California flooding: 80% of Sierra Nevada snowpack hasn’t melted yet
Huge snowpack has begun to melt, but most of it — and flood risk in the San Joaquin Valley and Tulare Basin — remains
The huge Sierra Nevada snowpack, brought by a parade of atmospheric river storms that ended California’s drought this winter, isn’t a thing of the past now that warmer weather is here: 80% of the snow hasn’t melted yet.
On Monday, the state Department of Water Resources revealed that figure after conducting its final manual snow survey of the spring season at Phillips Station, a location in El Dorado County off Highway 50 near the Sierra-at-Tahoe ski resort.
Last year and the year before on May 1, they found bare ground at the site. In 2020, as California’s most recent drought was just beginning, they found a sparse 1 inch of quickly melting snow. On Monday, there was 6 feet of snow there.
Statewide, the Sierra Nevada snowpack was 254% of its historical average Monday, the second highest May 1 reading since 1950 when modern records began, behind only 1983, when it was 289%.
Why hasn’t the highly anticipated “Big Melt” happened yet? Conditions have been cooler than expected in recent weeks, with no major heat waves or warm “Pineapple Express” storms.
As a result, 80% of the statewide Sierra Nevada snowpack that was present on April 1 is still there. A month ago, that huge snowpack held an estimated 61.2 inches of “snow water equivalent” — the amount of water expected to run off when it all melts, DWR officials said. On Monday, however, 49.2 inches of snow water equivalent remained frozen across the Sierra.
That’s one of the reasons that flood experts are worried about significant flooding in the coming weeks and months in the Tulare Lake Basin and Southern San Joaquin Valley. Those low-lying areas between Fresno and Bakersfield sit downhill of the Southern Sierra, which received the most snow this winter.
“The significant majority of what was up there at its peak is still there, even as we head into May,” said Daniel Swain, a UCLA climate researcher. “This melt really is just getting started. I know that’s hard to believe.”
Swain said that it’s likely significant melting will begin in late May and early June as the weather continues to warm and summer approaches.
When all the snow does begin melting more rapidly, it isn’t expected to cause flooding in the Bay Area or Los Angeles.
But flood fears are very high in Kings, Fresno, Kern and Tulare counties where the 10-million-acre Tulare Lake once flourished as the largest lake west of the Mississippi River before being pumped dry over several decades in the late 1800s by farmers who diverted rivers that once filled it.
“While providing a significant boost to California’s water supplies, this year’s massive snowpack is posing continued flood risks in the San Joaquin Valley,” said DWR Director Karla Nemeth.
Currently, an estimated 74,000 acres of farmland in Kings County and Tulare County is now under roughly 3 feet of water, according to DWR, due to heavy rains in mid-March from atmospheric river storms. The low-lying areas have not been able to drain properly.

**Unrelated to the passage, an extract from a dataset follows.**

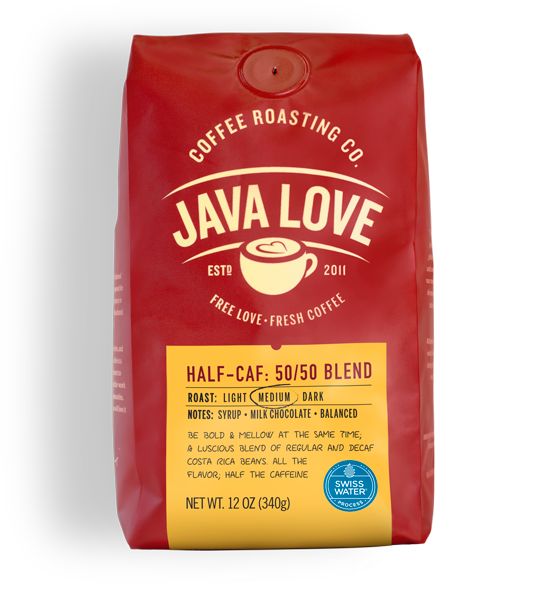 Half-Caf: 50/50 Blend — published by Java Love Coffee Roasting Co.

So far, as rivers like the Kern and Kaweah have begun to flow faster from the melting Sierra snowpack, reservoir operators have been able to stop new flooding by releasing water to lower reservoir levels, and capturing most of the incoming water.
But the fear is that when the weather becomes really hot — with temperatures over 100 degrees — for many days in a row, so much water from melting snow could flow into reservoirs that it will cause dam operators to release it in an uncontrolled way to prevent water from overtopping the dams. That could put more pressure on levees downstream, like the 15-mile levee that protects the town of Corcoran, home to 22,000 people and a state prison.

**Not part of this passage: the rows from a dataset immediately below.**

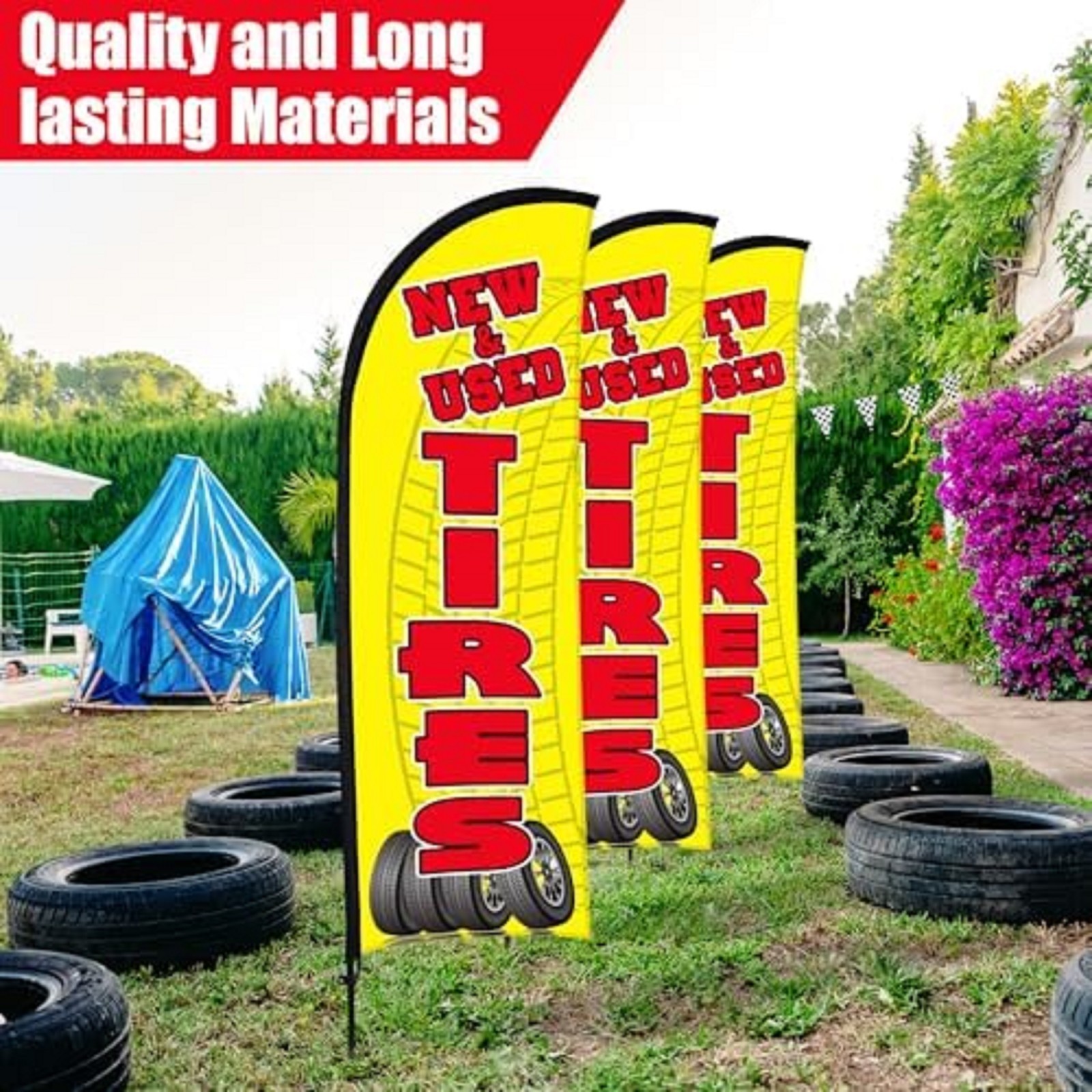 3 Sets Tires Shop Feather Flags with Poles 7Ft New and Use Tires Flags for Busin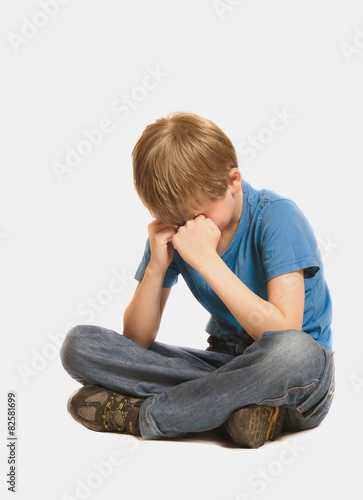 Canvas Print Little Boy Upset and Crying Emotional Childhood Moment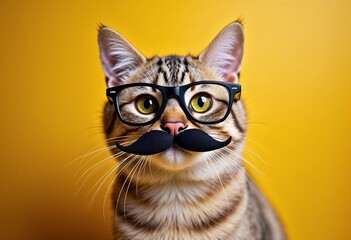 Mischievous cat wearing glasses and mustache against a playful yellow background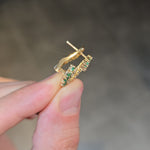 Load image into Gallery viewer, Emerald &amp; Diamonds Halo Hoops

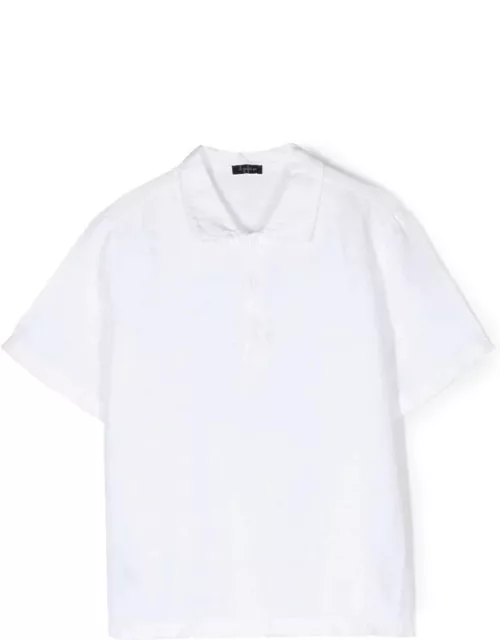 Il Gufo White Linen Short Sleeve Polo Shirt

If a levee breaks, or a dam has problems, major flooding could occur.
“Some of these places are protected by earthen levees that are not designed to an extremely high standard,” Swain said. “And so there is concern regarding what happens there. They won’t be record-breaking inflows. But they will be sustained for weeks to come. And that is the problem.”
State officials from water agencies and the state Office of Emergency Services have been working with local police, planners and other officials in the area for the past month to map out possible evacuations, identify areas at risk like wastewater treatment plants, and stockpile sandbags and temporary flood retaining walls.
For the rest of the state, the giant snowpack means full reservoirs, a delayed fire season, and raging rivers across the Sierra that will pose risks to backpackers and weekend visitors in places like Yosemite National Park.
Only three other years — 1983, 1969 and 1952 — have had a snowpack at 200% of normal or larger on May 1.
“No matter how you look at the data, only a handful of years in the historical record compare to this year’s results,” said Sean de Guzman, manager of DWR’s Snow Surveys and Water Supply Forecasting Unit.